Muharremi: “Four cases, four failures” — column challenges LVV voters
Writing in Nacionale, Shenoll Muharremi argues that Vetëvendosje voters must reconsider their support after a string of governance failures — an argument worth scrutinising.

PRISHTINA — In a column published by the Pristina-based outlet Nacionale, commentator Shenoll Muharremi advances a sharp thesis: voters of the Vetëvendosje Movement (LVV) ought to take a cold inventory of what they have gained from their political choice, and the result, in her telling, is a series of failures that demand “time for change”.
Muharremi enumerates four concrete cases — ranging from economic and social policy to relations with international partners and the management of state institutions — to support her claim that early enthusiasm for the Kurti government has turned into disenchantment. The column’s central argument is that political loyalty should not survive poor outcomes, and that Kosovo’s democracy needs sustained civic scrutiny rather than unconditional backing.

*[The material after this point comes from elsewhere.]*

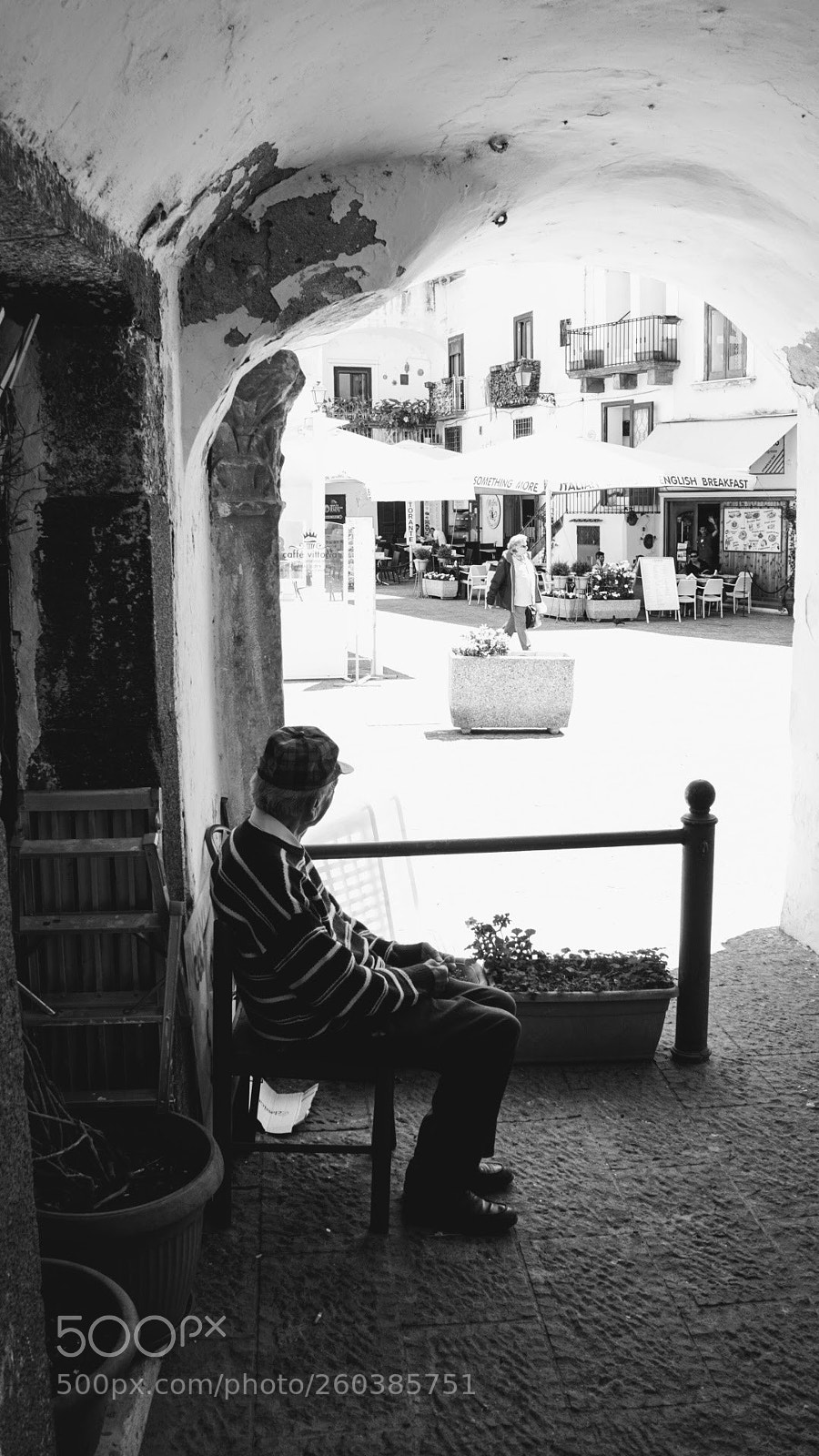 Sony a6000 sample photo. Old man watching the photography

The piece sits within a long opinion tradition in Kosovo, in which journalists hold the governing party to account regardless of ideological sympathies. At Nacionale, this register frequently engages issues of transparency, public procurement and EU relations.
Context
Muharremi’s argument should be read against a long political cycle in which LVV has won successive mandates on robust pledges to fight corruption, restore the rule of law and renew institutions. Critics of the government argue that many of those pledges remain on paper; supporters counter that structural reforms take years, not months.
A balanced reading would acknowledge that some of the “failures” the author lists are contested rather than settled verdicts. Public policy is rarely two-toned; even so, her call for a cool-headed review of outcomes is legitimate, especially as polling shows declining civic confidence.

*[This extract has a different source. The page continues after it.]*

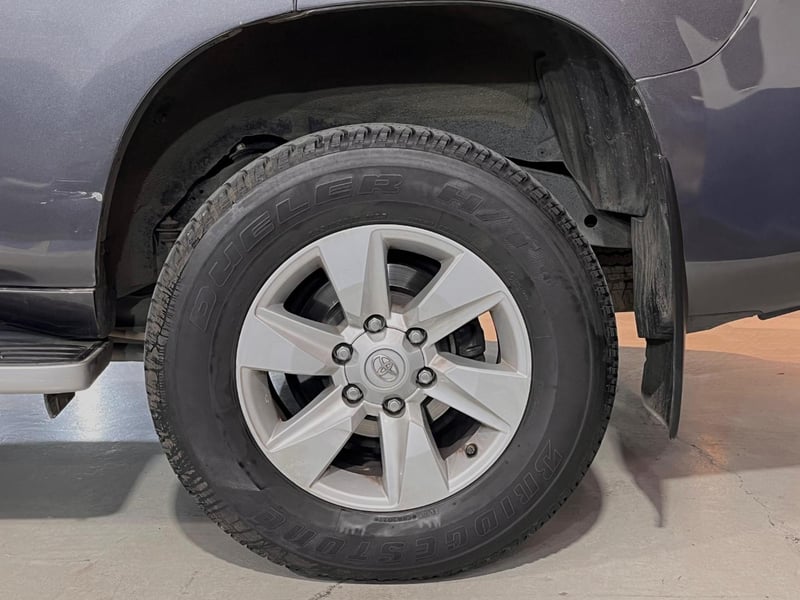 Toyota LAND CRUISER PRADO LAND CRUISER PRADO 4X4 4.0 AT 2023 - Imagen 10 de 20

Paraphrasing Muharremi, citizens should not vote for a name or symbol, but for measurable results — and when those are absent, accountability falls on whoever holds power, not on the opposition.
What makes the column useful is less the catalogue of failures than its demand for a civic culture that judges governance against objective benchmarks. Whether or not one agrees with every point, the debate it provokes is a healthy feature of Kosovo’s democracy.